* _What you need to do_
Pictures appear among the records below and must be omitted. Repeat exactly the lines from the line with "sound effects. Look" to the line with "Memlkeink sorozat 5", both included.

* _Listed entries_
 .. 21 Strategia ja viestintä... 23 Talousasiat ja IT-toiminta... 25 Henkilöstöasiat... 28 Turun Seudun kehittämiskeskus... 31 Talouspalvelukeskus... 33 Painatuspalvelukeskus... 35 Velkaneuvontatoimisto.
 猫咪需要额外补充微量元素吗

--

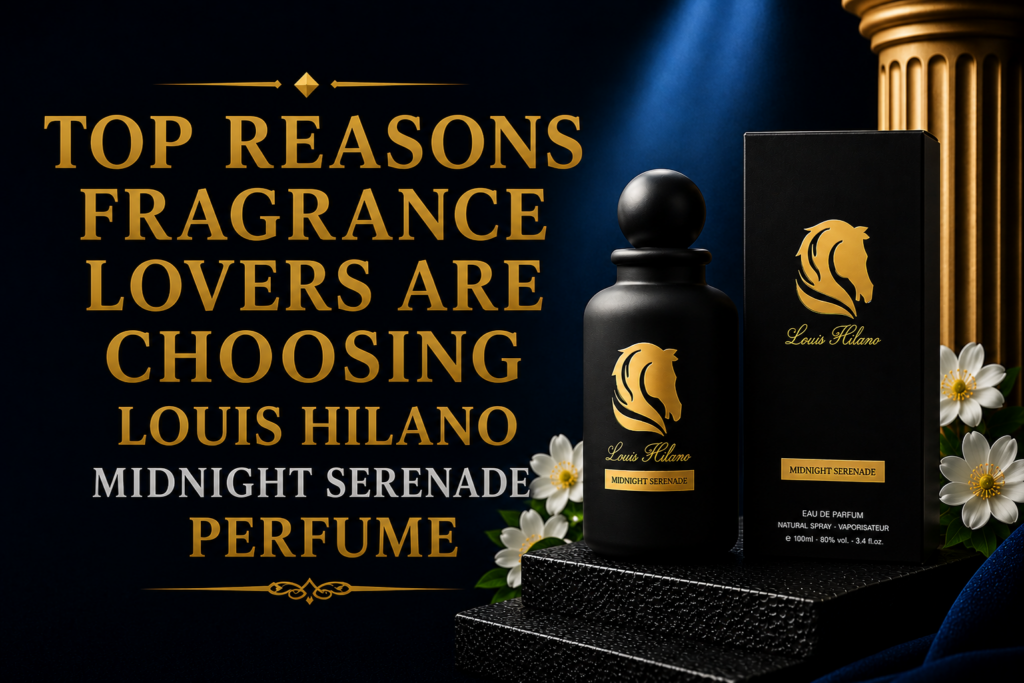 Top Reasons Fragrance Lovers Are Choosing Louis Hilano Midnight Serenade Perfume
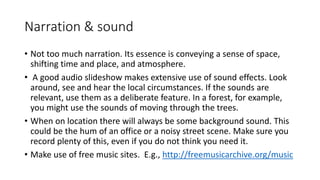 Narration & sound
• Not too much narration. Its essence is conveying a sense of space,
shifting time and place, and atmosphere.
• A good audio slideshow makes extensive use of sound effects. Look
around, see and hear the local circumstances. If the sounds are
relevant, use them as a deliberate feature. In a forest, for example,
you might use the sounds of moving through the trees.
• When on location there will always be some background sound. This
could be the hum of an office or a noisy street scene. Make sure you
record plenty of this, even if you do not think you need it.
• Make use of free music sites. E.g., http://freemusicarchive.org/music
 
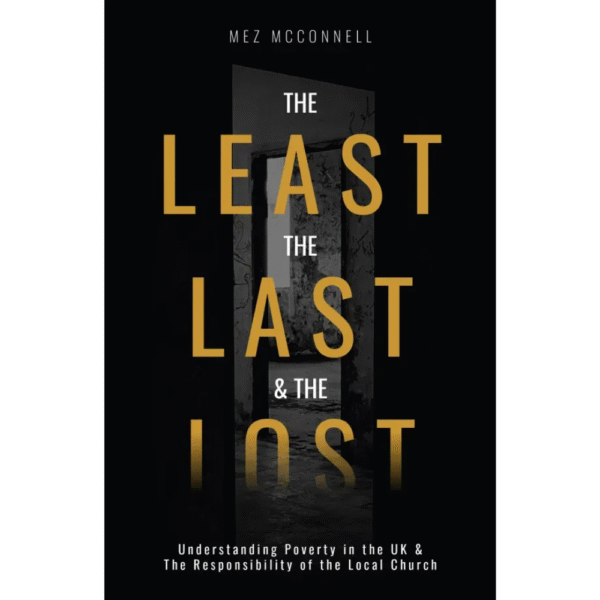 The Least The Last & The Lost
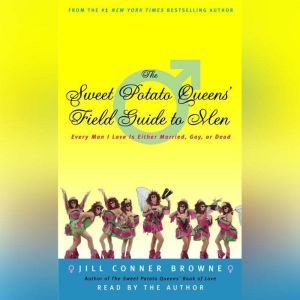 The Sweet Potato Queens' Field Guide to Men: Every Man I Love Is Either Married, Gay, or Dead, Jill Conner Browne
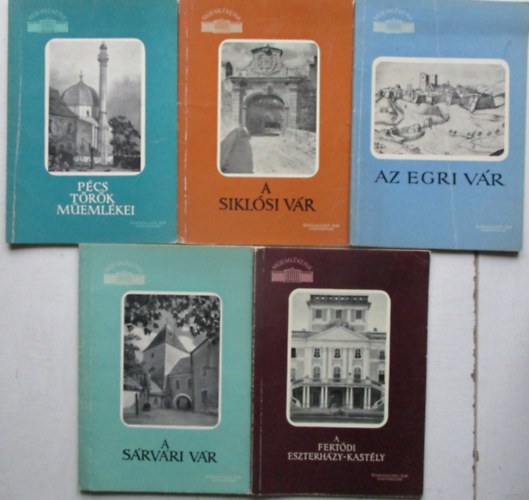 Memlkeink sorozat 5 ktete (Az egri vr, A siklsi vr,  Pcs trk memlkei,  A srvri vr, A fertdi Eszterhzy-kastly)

...

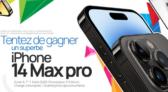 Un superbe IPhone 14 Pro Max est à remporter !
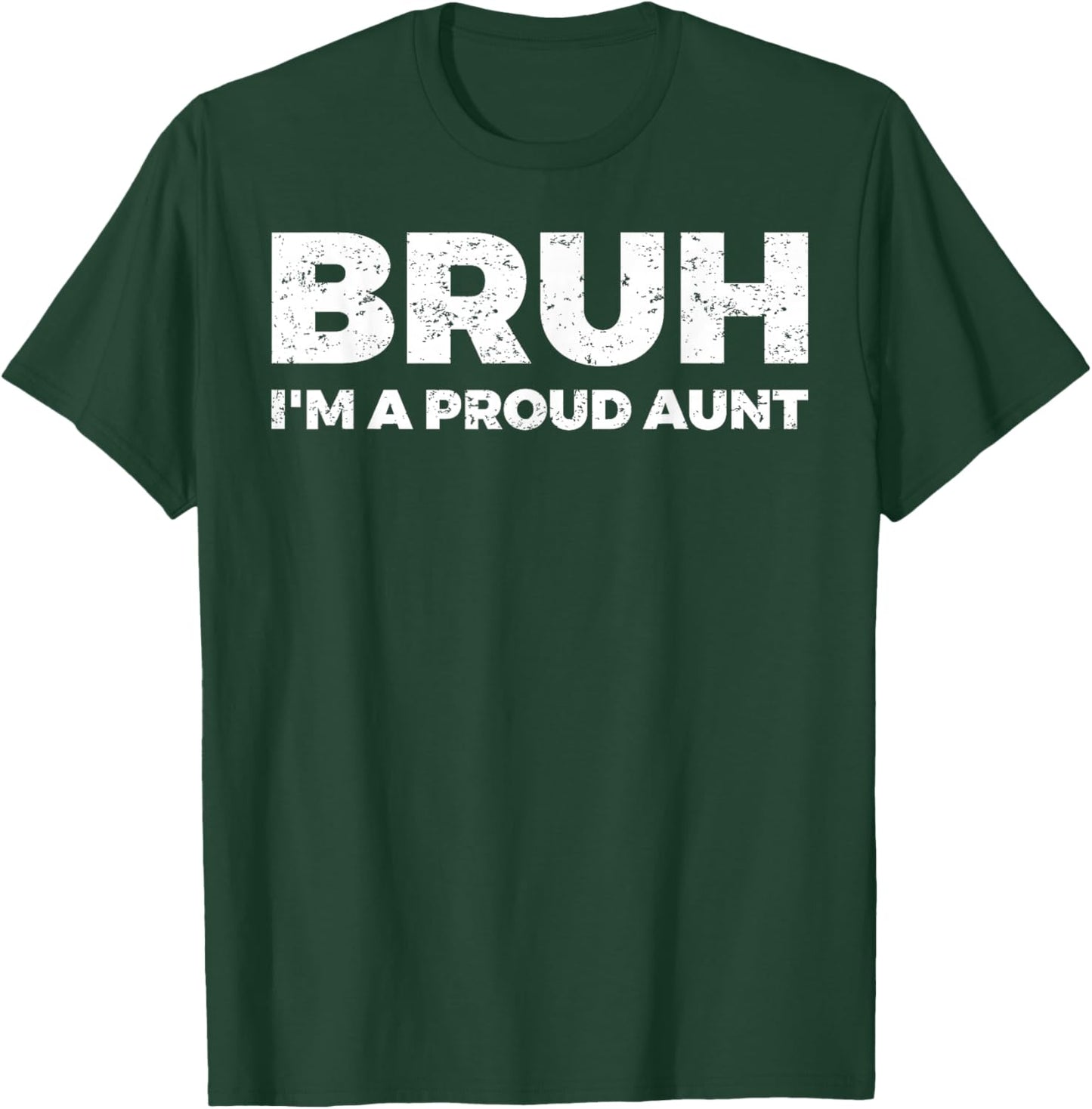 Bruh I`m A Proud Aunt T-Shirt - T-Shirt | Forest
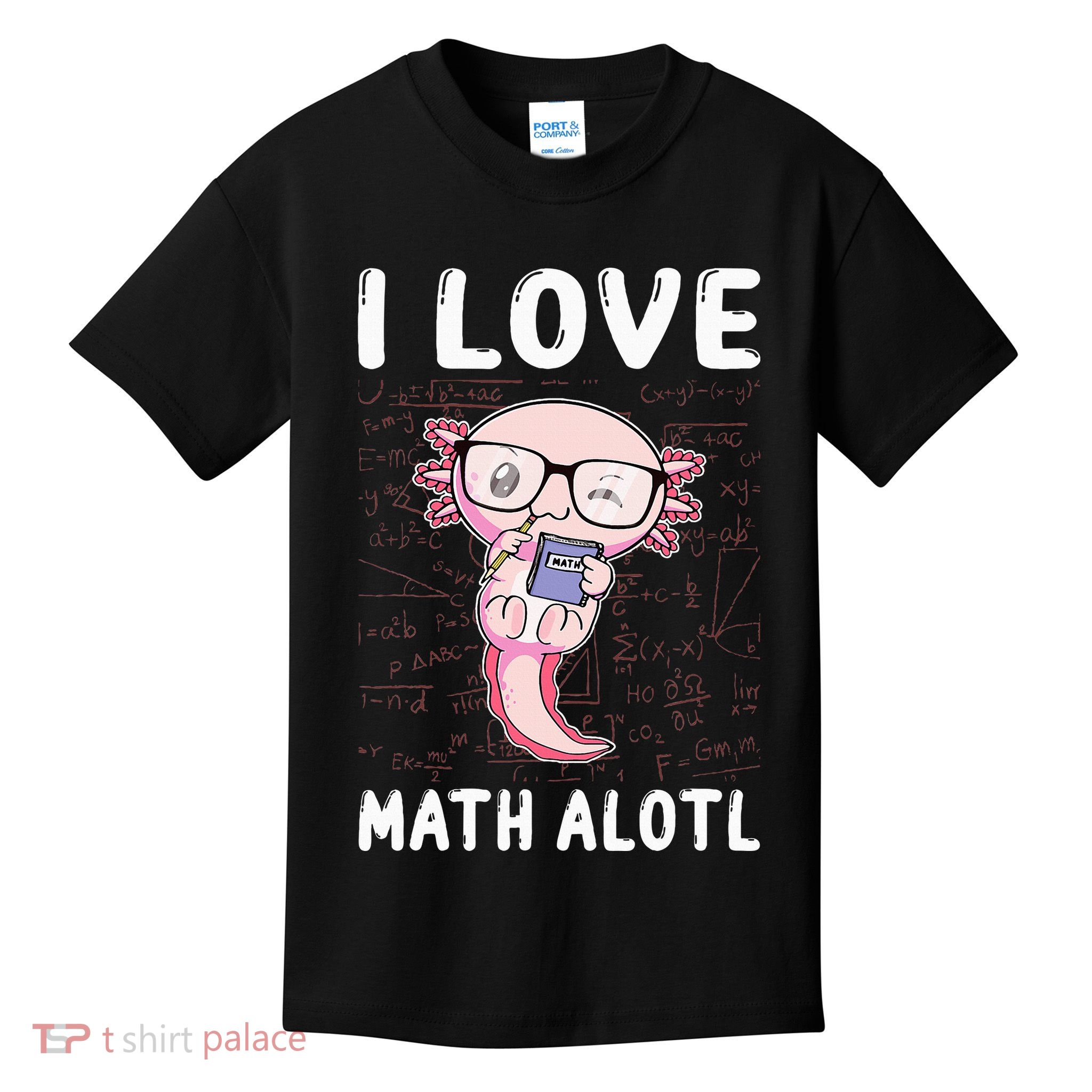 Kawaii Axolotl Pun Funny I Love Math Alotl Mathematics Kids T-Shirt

* _Solution below_
• A good audio slideshow makes extensive use of sound effects. Look
around, see and hear the local circumstances. If the sounds are
relevant, use them as a deliberate feature. In a forest, for example,
you might use the sounds of moving through the trees.
• When on location there will always be some background sound. This
could be the hum of an office or a noisy street scene. Make sure you
record plenty of this, even if you do not think you need it.
• Make use of free music sites. E.g., http://freemusicarchive.org/music
 
 The Least The Last & The Lost
 The Sweet Potato Queens' Field Guide to Men: Every Man I Love Is Either Married, Gay, or Dead, Jill Conner Browne
 Memlkeink sorozat 5 ktete (Az egri vr, A siklsi vr,  Pcs trk memlkei,  A srvri vr, A fertdi Eszterhzy-kastly)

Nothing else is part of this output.